Step 7: Optimize for Performance

File Formats: If the data grows large, use Parquet files instead of CSV. DuckDB handles Parquet files natively and much faster.
```
con.execute("CREATE TABLE data AS SELECT * FROM read_parquet(?)", [local_file])
```
Memory Allocation: Increase the Lambda function's memory (e.g., 512MB or higher) for larger datasets.
Timeouts: Ensure the function’s timeout is long enough to process larger files (e.g., 30 seconds).

Creating Parquet files is straightforward and can be done using several tools and programming libraries. Here's how you can create Parquet files depending on your preferred workflow:

1. Using Python (Pandas)

If you already have a CSV or DataFrame, you can convert it to Parquet with the pandas library.

Install Required Libraries:

pip install pandas pyarrow

Example Code:

import pandas as pd

# Create a sample DataFrame
data = {
    "timestamp": ["2024-12-01T10:15:30Z", "2024-12-01T10:16:00Z"],
    "user_id": [12345, 12346],
    "endpoint": ["/home", "/about"],
    "response_time": [200, 350],
}
df = pd.DataFrame(data)

# Save as Parquet file
df.to_parquet("data.parquet", engine="pyarrow", index=False)

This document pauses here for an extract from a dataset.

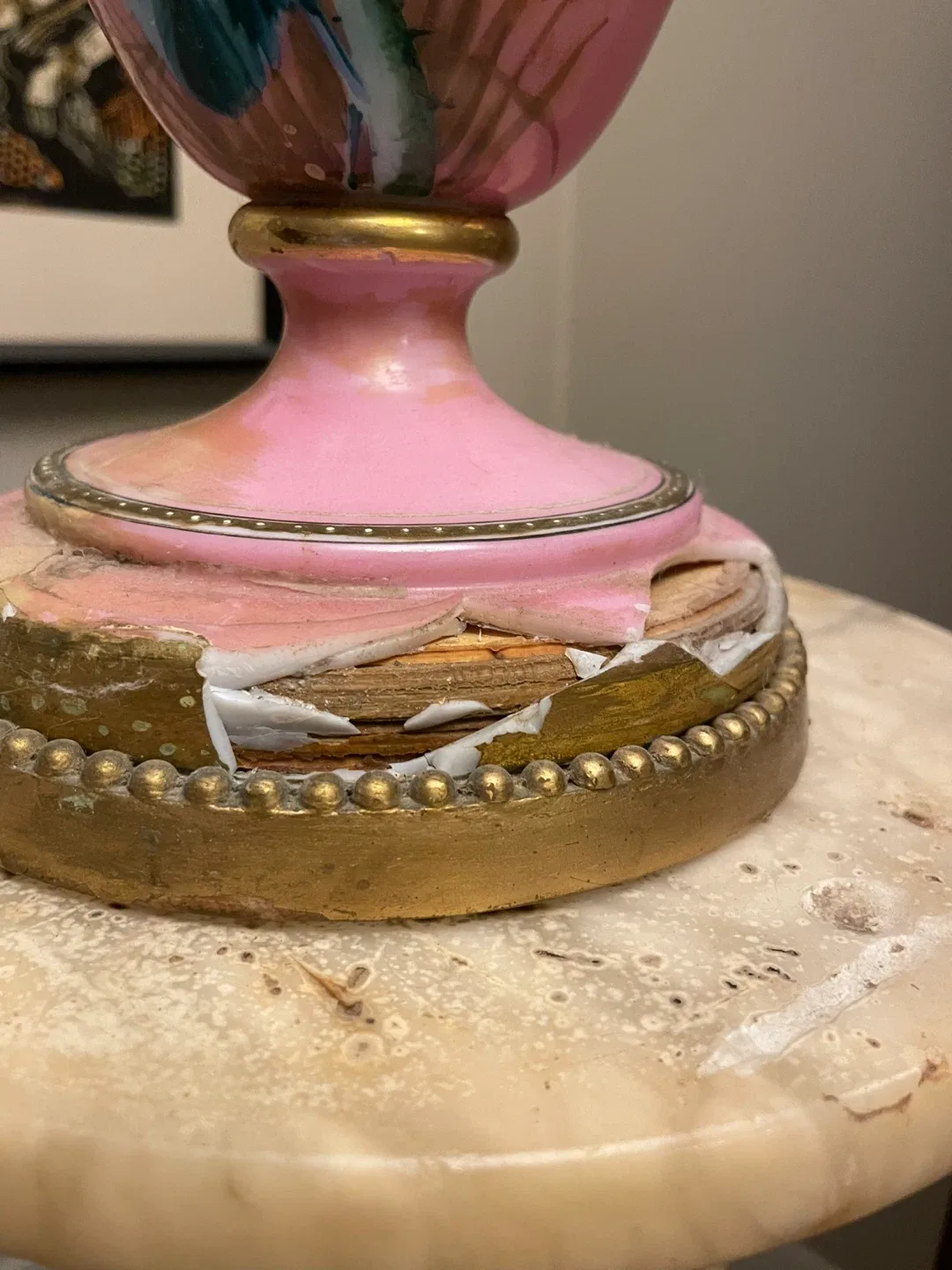 Pink Floral Vase with Bird Design image indicator(4)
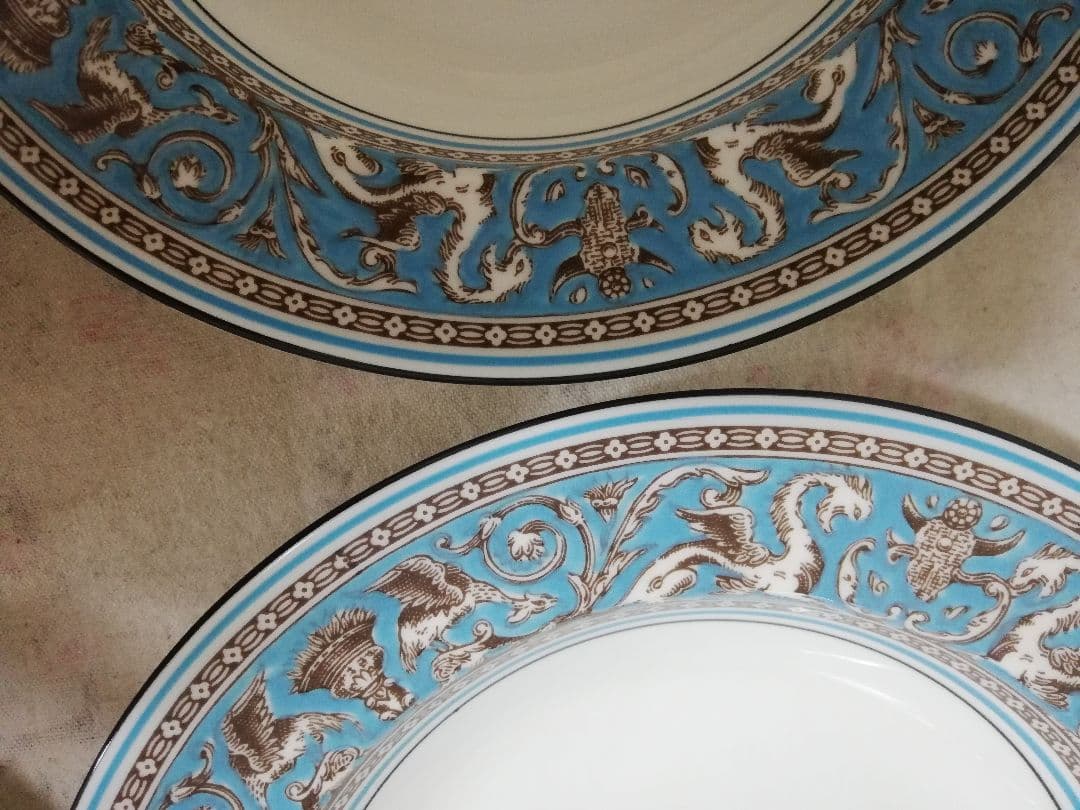 未使用　ウェッジウッド　黒壺　スープ皿　深皿　フロレンティーンターコイズ　2枚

This will create a data.parquet file.

2. Using Python (DuckDB)

DuckDB itself can create Parquet files directly.

Install DuckDB:

pip install duckdb

Example Code:

import duckdb

# Sample CSV file
csv_file = "data.csv"

# Convert CSV to Parquet using DuckDB
con = duckdb.connect()
con.execute("COPY (SELECT * FROM read_csv_auto(?)) TO 'data.parquet' (FORMAT PARQUET)", [csv_file])
con.close()

This reads the CSV file and saves it as a Parquet file.

3. Using Apache Spark

If you're working with large datasets, Apache Spark is a powerful tool for handling Parquet files.

Example in PySpark:

Install PySpark:
```
pip install pyspark
```

Example Code:

from pyspark.sql import SparkSession

# Initialize Spark
spark = SparkSession.builder.appName("CSV to Parquet").getOrCreate()

# Read CSV file
df = spark.read.csv("data.csv", header=True, inferSchema=True)

# Write to Parquet
df.write.parquet("data.parquet")

4. Using Command-Line Tools

If you don’t want to write code, you can use tools like Apache Arrow’s parquet-cli to create Parquet files from CSVs.

Install parquet-tools:

brew install parquet-tools  # Mac
# or use another package manager

Convert CSV to Parquet:

csv2parquet data.csv data.parquet

5. Using AWS Services

If your data is in AWS, you can convert it using AWS Glue or Athena:

AWS Glue: Create an ETL job to transform CSVs to Parquet.
AWS Athena: Run a CREATE TABLE AS SELECT query on your S3-stored CSV to produce a Parquet file.

Why Use Parquet?

Compact: Parquet is a columnar storage format, reducing file size.
Efficient: Optimized for analytical queries, making it much faster than CSV for DuckDB or other analytical tools.
Schema Support: Preserves data types and structures.